La méthode du Conseil ne rendrait pas seulement la Conférence plénière vide de sens, mais elle augmenterait également les chances que la Conférence soit détournée par des forces antidémocratiques : celles-ci seraient en mesure de tirer parti de leur attitude négative à l’égard de la Conférence et de l’UE pour obtenir des concessions importantes lors des négociations sur les résultats de la Conférence.

Même la conception et la mise en œuvre des panels de citoyens européens — censés être l’élément le plus inclusif de cette conférence — montrent comment les forces xénophobes sont prises en charge (voir ce communiqué de presse, en anglais).

Modifier l’équilibre des pouvoirs au sein de la Conférence

La seule façon pour la Conférence d’échapper au scénario catastrophe susmentionné et de devenir un succès est qu’une coalition d’acteurs, tant au sein qu’en dehors de la Conférence plénière, ayant suffisamment de courage politique et de force, remette en question le consensus interinstitutionnel descendant qui domine actuellement le processus de la Conférence.

Une coalition de plus de 130 organisations de la société civile et de membres de la Conférence plénière demande actuellement que la méthode du Parlement européen soit appliquée au processus menant aux résultats de la Conférence, afin de garantir le respect du principe de «  transparence  » de la Conférence. Toutefois, cela ne devrait pas s’arrêter là : la Conférence plénièr ainsi revivifiée, devrait veiller à ce qu’un autre principe fondamental — celui de l’«  inclusivité  » — soit enfin mis en pratique correctement.

Comme les organisations de la société civile l’ont souligné à maintes reprises (voir ce communiqué de presse, cette lettre conjointe au Conseil exécutif et cette lettre de suivi à la plénière de la Conférence), cette Conférence ne peut devenir un succès que si les personnes les plus marginalisées de la société ont la possibilité d’occuper une place centrale dans la Conférence.

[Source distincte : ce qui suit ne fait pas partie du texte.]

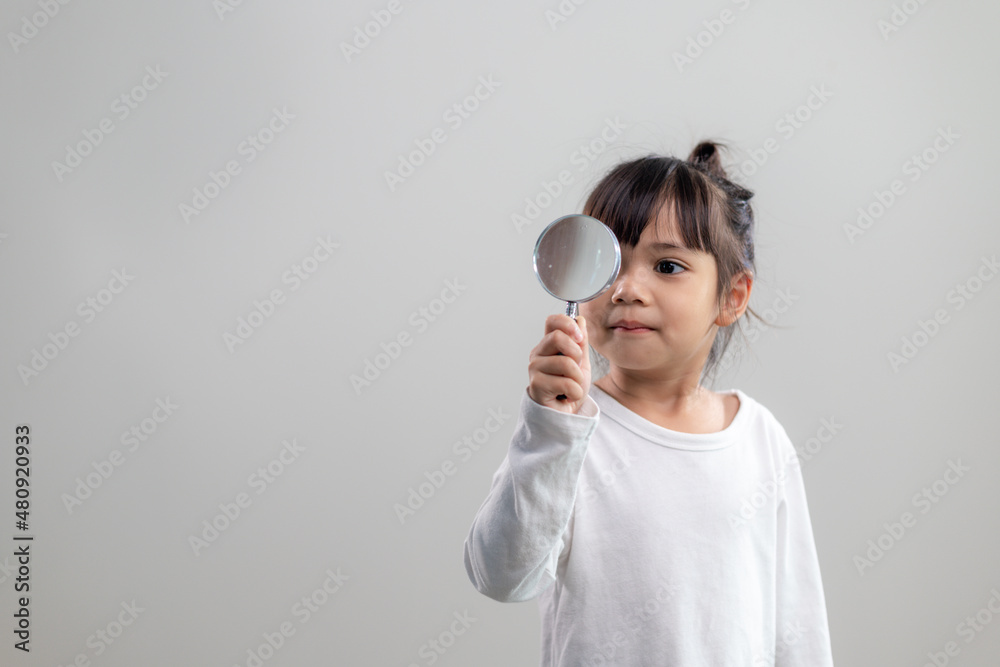 little girl looking through a magnifying glass little girl looking through a magnifying glass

Or, la Conférence a largement exclu les communautés marginalisées, contribuant ainsi un peu plus à leur mise à l’écart. Une première étape simple consisterait à inviter le coordinateur Antiracisme de l’UE à la Conférence plénière afin d’explorer comment l’intégration de l’antiracisme et de la diversité peut être appliquée pour développer les résultats de la conférence.

(1) Le mandat des groupes de travail inclutParlement européen  une règle similaire de prise de décision par consensus pour les groupes de travail dans le cadre de leur tâche consistant à fournir «  une contribution pour préparer les débats et les propositions de la Conférence plénière  ».